The new offerings replace a previous on-demand course devoted to professional ethics that dates back to 2019. That course largely responded to issues raised by the Operation Varsity Blues scandal. The new courses are built around the guiding principles in NACAC’s Guide to Ethical Practice in College Admission:
Truthfulness and Transparency
Professional Conduct
Confidentiality
In addition, recognizing that changes in technology often create new ethical challenges, each course includes a section on AI. We know that the tools are evolving rapidly, so we recognize that this part of the course may quickly become outdated, but we attempted to lay out appropriate and inappropriate uses of AI.
Ethics is about ideals, about how we should act, but ethics should also be pragmatic. We hope that the courses will touch on issues that professionals deal with in their daily work.
The primary audience for the courses is practitioners who are early in their professional career, but as a “has been” with more than 45 years in the college admission counseling profession, I learned a lot from my colleagues during the development of the course materials.
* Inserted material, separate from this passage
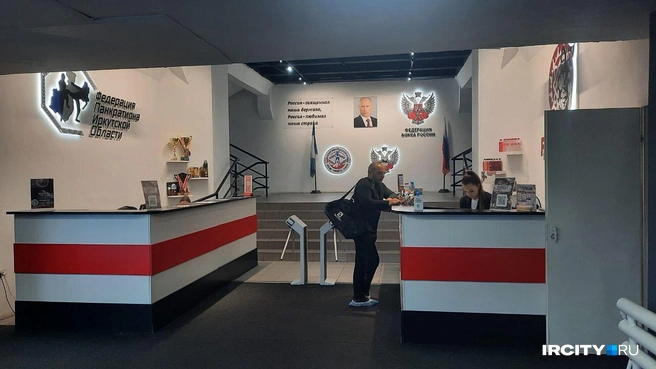Там, где был фейсконтроль и танцы, теперь ресепшен и тренажерный зал | Источник: Виктор Лучкин / «ИрСити»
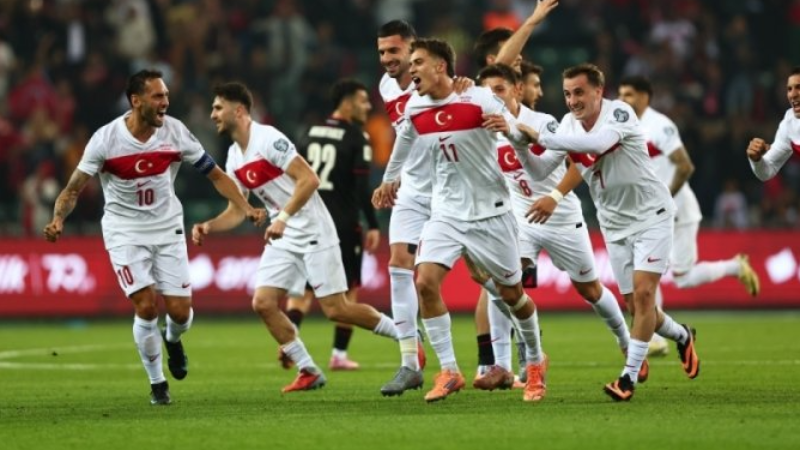 Bursa yıldızları izleyecek!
A concern for ethical practice has been at the heart of NACAC’s work since its founding, and our commitment to acting ethically, no matter what side of the desk we sit on, builds trust and confidence in the college admission process. Several members of the team developing the course content described the work as “cathartic,” renewing focus on why we do what we do, and that adjective captured my experience exactly.
The new courses can be accessed through NACAC Learn on the NACAC website.